Election fever

Despite some controversies and the occasional chest beating, elections in Bhutan are free and fair and very peaceful compared to the neighborhood.

However, the issue is not so much with the process which is accredited and praised by international observers, but on the energies and forces that it unleashes among a peaceful and quite populace.

While we have peaceful elections, we cannot afford the divisive aspects of elections in our neighborhood as they have the absorptive capacity for internal strife, given their bigger size.

It will be the collective responsibility of political parties and voters to realize that no victory is worth the internal instability of the country.

The 2018 elections should be a much more substantive election, not to say that the last two were not.

The difference, this time around, is that two general elections later it would be a safe bet to say that both the voters and political parties are wiser and more matured.

Therefore, the hope is that both the debates and conduct will be far more matured and realistic.

The people have seen two different governments and they know how elected governments work as well as the difference between them.
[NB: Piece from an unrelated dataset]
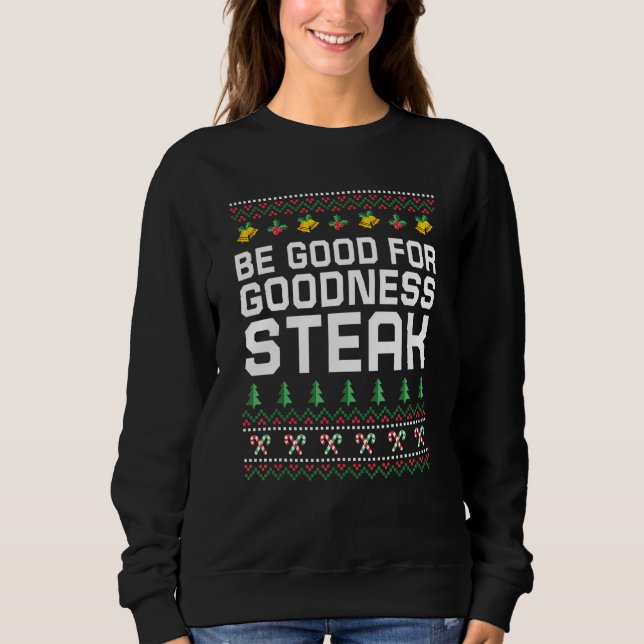 Be Good for Goodness Steak Christmas Food Xmas Foo Sweatshirt (Front)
They could decide to give another chance to the two incumbent parties or alternatively try one or two of the two new parties.
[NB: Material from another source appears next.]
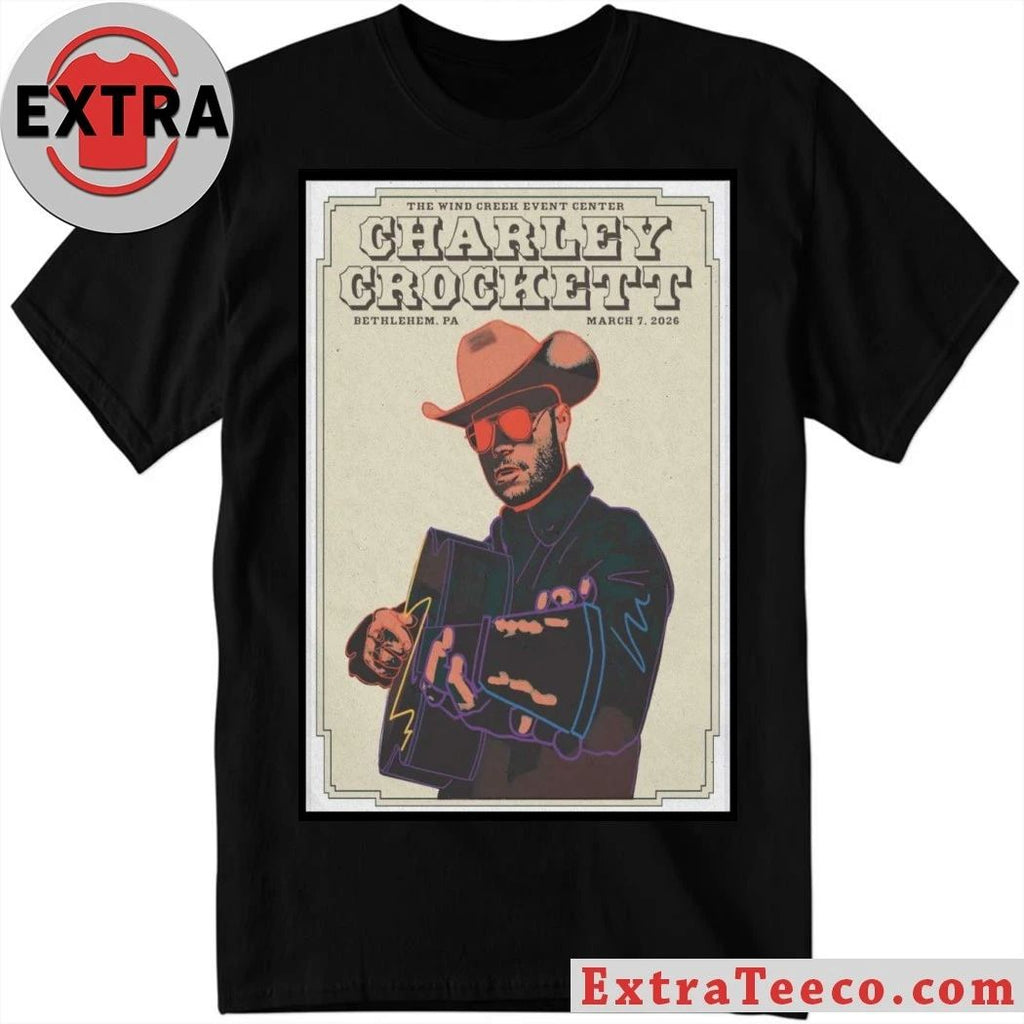 Charley Crockett Bethlehem PA Mar 7, 2026 Poster Shirt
However, whatever magic rabbits are pulled out of the hats by the parties, the voters will make their choice on poll day.
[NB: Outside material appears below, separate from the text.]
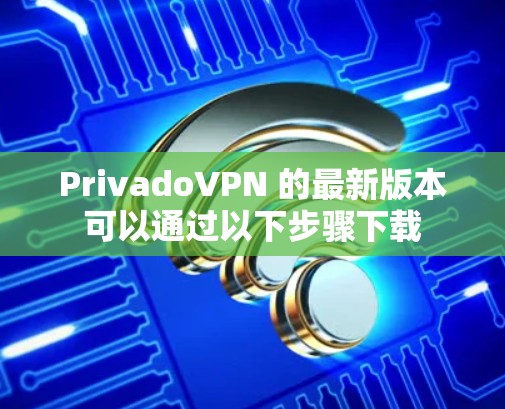 PrivadoVPN 的最新版本可以通过以下步骤下载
Here, credit must be given to an area where credit is rarely given- the average Bhutanese voter.

In the 2008 elections going against all prediction it swept in the then underdog in the form of DPT to power with a brutal majority. Not happy with its performance, it swept out DPT in 2013 and gave PDP a landslide victory bringing to power the world’s smallest opposition party.

This paper after the 2013 general elections pointed to this innate wisdom of the Bhutanese voter.

It is time to see what the voters will decide this time around.

A politician thinks of the next election. A statesman, of the next generation.